The power of destructive weather to shape our societies’ well-being can no longer be doubted. This is something we learned only recently on the mainland. In 2005, Hurricane Katrina drowned New Orleans and showed us how hurricanes can serve as fulcrums of our history and politics. Katrina permanently changed a cherished American city, but also helped doom the presidency of George W. Bush, who was blamed for the ways his government failed its citizens. It was the damage those failings did to Bush’s approval ratings, more than the damage Katrina did to New Orleans (or that Harvey did to Houston, a city to which many New Orleanians fled in 2005), that ensured that our current commander in chief flew to Texas as soon as Harvey was over to be photographed in a windbreaker and baseball cap, looking concerned. It also ensured that he backed an emergency aid package of $15 billion for the state. The point behind both gestures was that “extreme weather events,” and the question of how to prepare for and mitigate their effects—even for a president skeptical that climate change is real—have become central to our politics.

During Harvey’s soaking of Houston, Trump’s EPA sought to quiet scientists who dared to ask why the storm dumped so much rain by charging them with “an attempt to politicize an ongoing tragedy.” But over the past two months, the broader culture has seemed rather more convinced by those scientists than by the president, who recently revoked an Obama-era rule requiring federally aided projects built in coastal floodplains to adapt to sea-level rise. In Miami, local officials have for years been warning that the city’s drainage and other systems are woefully unready for sea-level rise and intense storms.

As Irma bore down on Florida accompanied by images of the devastation it had already wrought in the Caribbean—a grim specter of what Miami might look like after a direct hit by an Irma-sized storm—the state’s biggest city became a ghost town. It seemed that Floridians had finally come to understand the growing risks of paving over their low-lying state’s coasts and living near its waves. This hurricane season was one in which many conversations about the weather became conversations about how it’s changing—and about how we need to alter both our politics and our infrastructure to contend in a systematic and sustained way with intense storms now understood not as discrete disasters but as indicators of a global crisis.

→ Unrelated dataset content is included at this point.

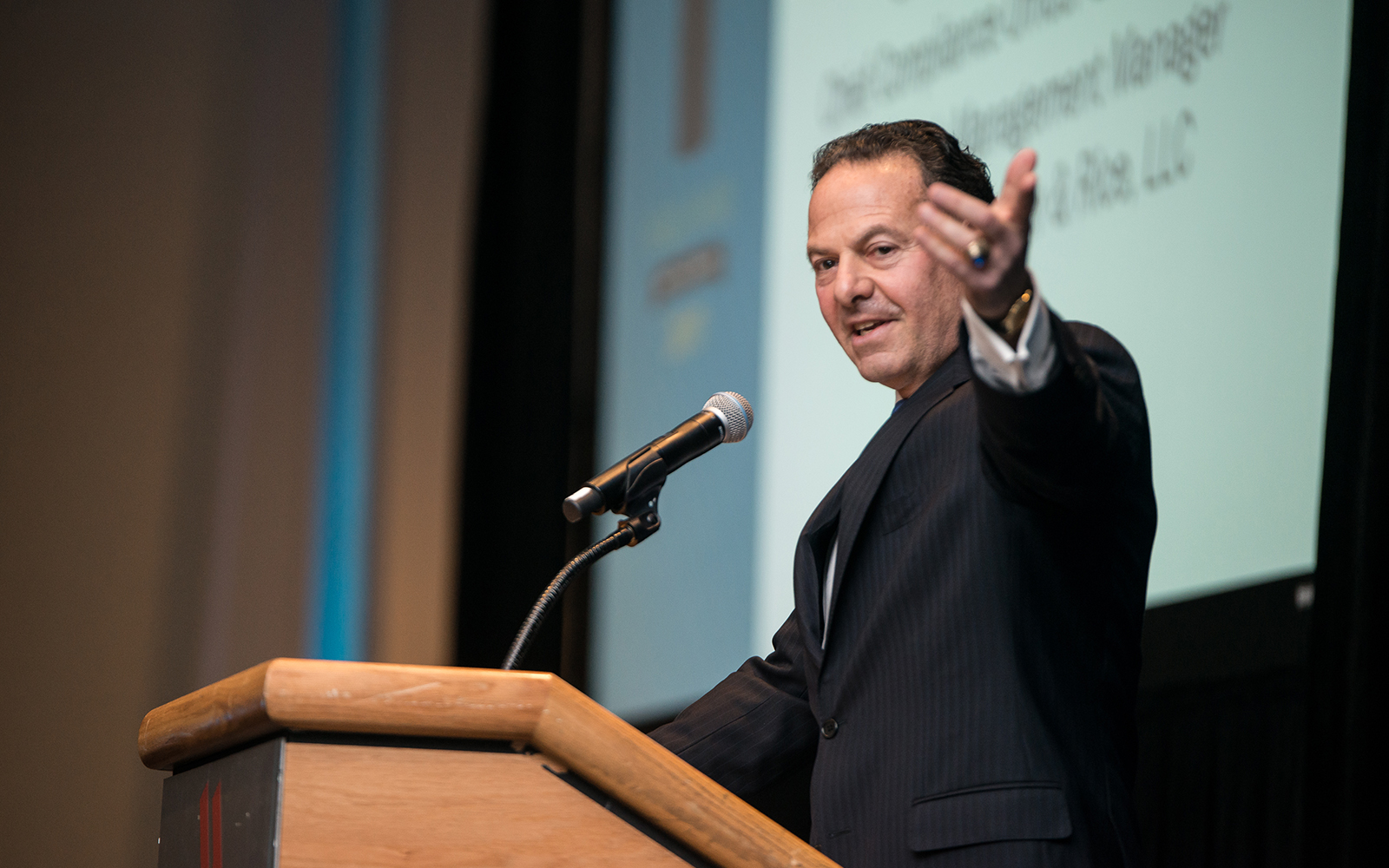 John Malfettone '77 (BUS) speaks about the importance of giving back to your alma mater, on the occasion of his induction into the School of Business Hall of Fame in 2017. (Nathan Oldham/UConn Photo)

And as so often, the Caribbean got there first. In September, during the UN General Assembly, most of the headlines were about Trump’s threats of nuclear war. More eloquent were the words of the leader of a small Caribbean island contending with its own existential threat. “Eden is broken,” proclaimed Roosevelt Skerrit to the world, as Dominica’s leader mourned a devastated isle whose green peaks were rendered gray by Maria’s fury. “To deny climate change,” Skerrit said, “is to deny a truth we have just lived.” His words echoed those of many other Caribbean leaders who implored their peers at the UN, and particularly the industrialized nations whose carbon output has warmed the planet, to help the most vulnerable places bolster their defenses. As Skerrit said: “Heat is the fuel that takes ordinary storms—storms we could normally master in our sleep—and supercharges them into a devastating force.” His science was sound.

Perhaps in the US we’ve finally learned, at least during hurricane season, to look toward the Caribbean to see what’s coming next.